## EXTRACTED DATA
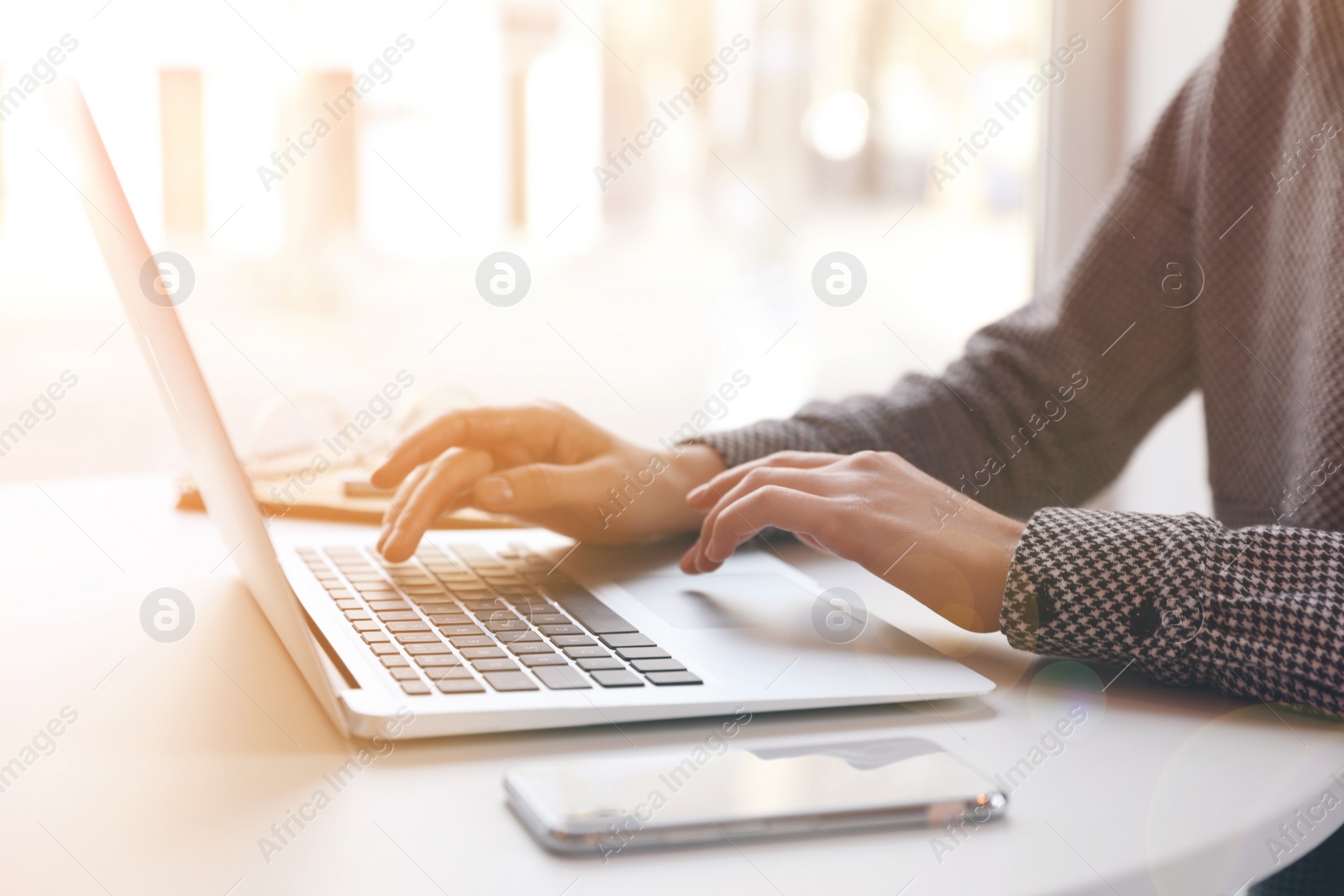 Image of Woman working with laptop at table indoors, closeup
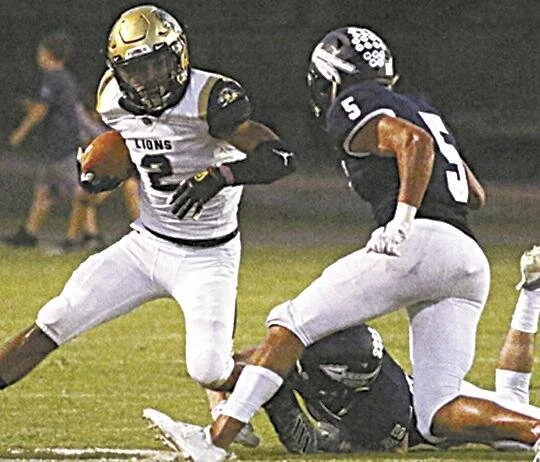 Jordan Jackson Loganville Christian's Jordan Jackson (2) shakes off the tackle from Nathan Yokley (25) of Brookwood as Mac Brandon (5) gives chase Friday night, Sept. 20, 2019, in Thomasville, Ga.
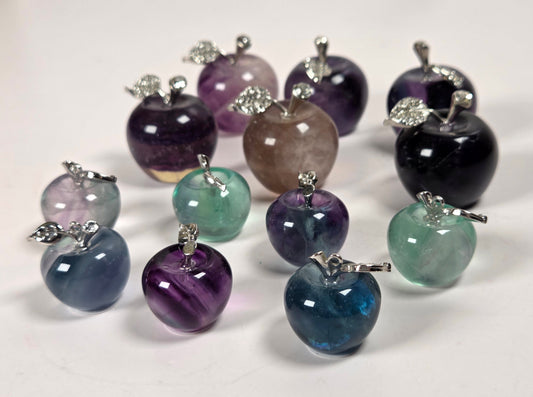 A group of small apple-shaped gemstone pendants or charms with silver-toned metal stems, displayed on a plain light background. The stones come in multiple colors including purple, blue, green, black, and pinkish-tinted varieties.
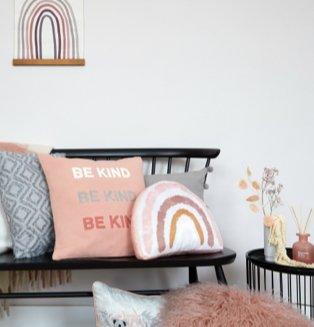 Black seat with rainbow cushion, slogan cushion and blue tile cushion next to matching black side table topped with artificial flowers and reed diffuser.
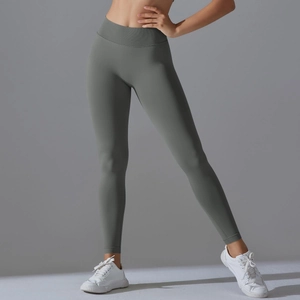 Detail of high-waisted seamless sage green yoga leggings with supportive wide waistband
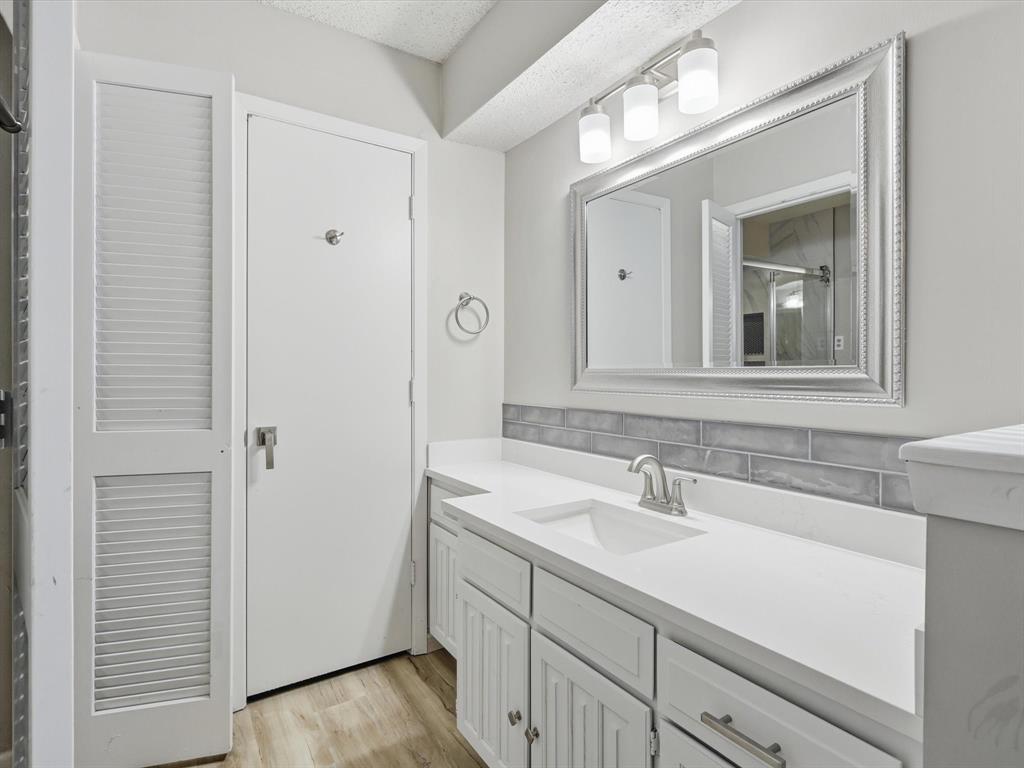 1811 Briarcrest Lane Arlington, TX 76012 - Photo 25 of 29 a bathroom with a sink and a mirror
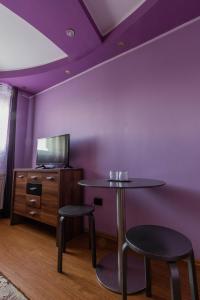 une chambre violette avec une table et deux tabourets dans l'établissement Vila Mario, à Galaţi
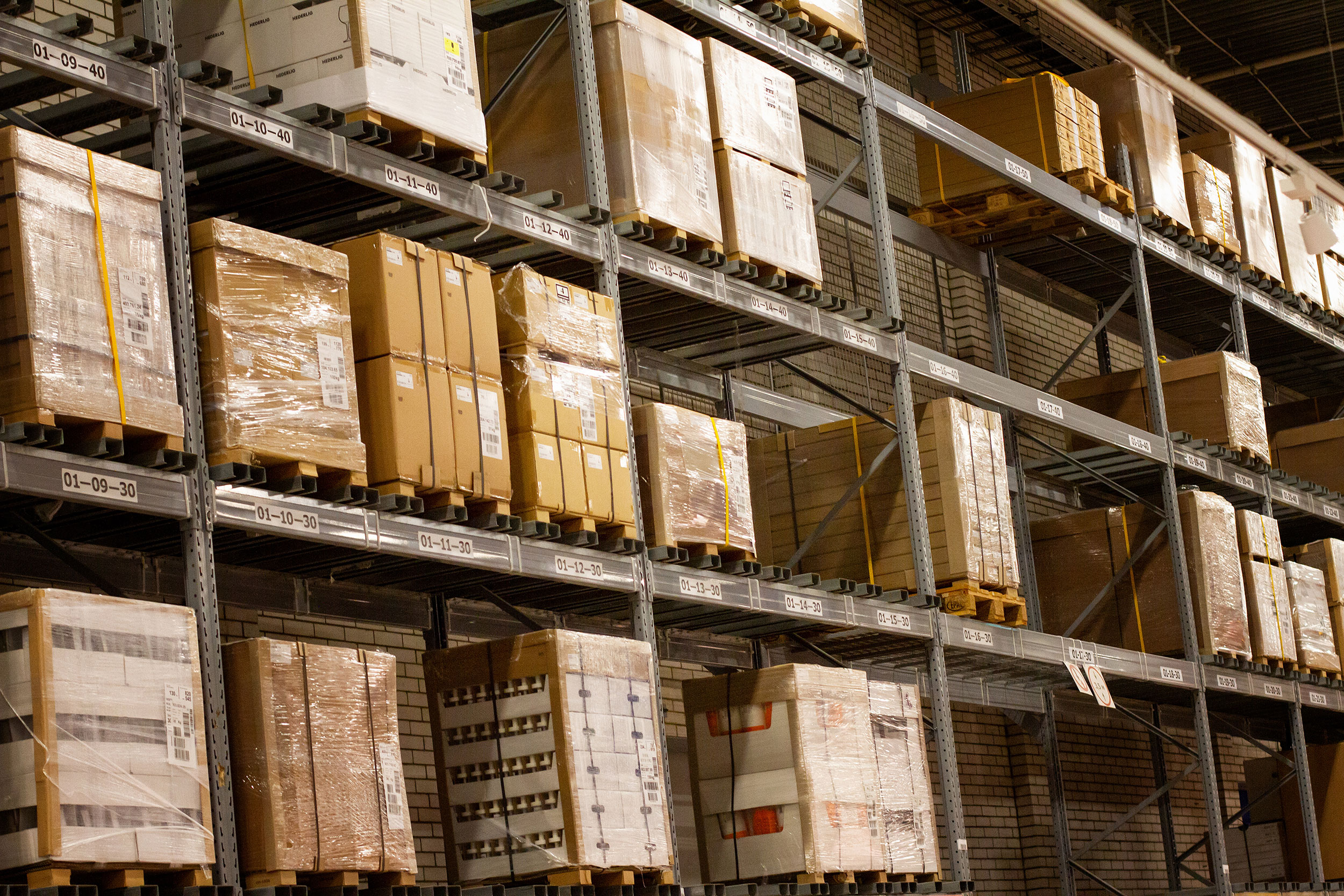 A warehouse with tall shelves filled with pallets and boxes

## TASK STATEMENT
Write out the listing above exactly as it stands, pictures excluded.

## OUTPUT FOR THIS TASK
 Image of Woman working with laptop at table indoors, closeup
 Jordan Jackson Loganville Christian's Jordan Jackson (2) shakes off the tackle from Nathan Yokley (25) of Brookwood as Mac Brandon (5) gives chase Friday night, Sept. 20, 2019, in Thomasville, Ga.
 A group of small apple-shaped gemstone pendants or charms with silver-toned metal stems, displayed on a plain light background. The stones come in multiple colors including purple, blue, green, black, and pinkish-tinted varieties.
 Black seat with rainbow cushion, slogan cushion and blue tile cushion next to matching black side table topped with artificial flowers and reed diffuser.
 Detail of high-waisted seamless sage green yoga leggings with supportive wide waistband
 1811 Briarcrest Lane Arlington, TX 76012 - Photo 25 of 29 a bathroom with a sink and a mirror
 une chambre violette avec une table et deux tabourets dans l'établissement Vila Mario, à Galaţi
 A warehouse with tall shelves filled with pallets and boxes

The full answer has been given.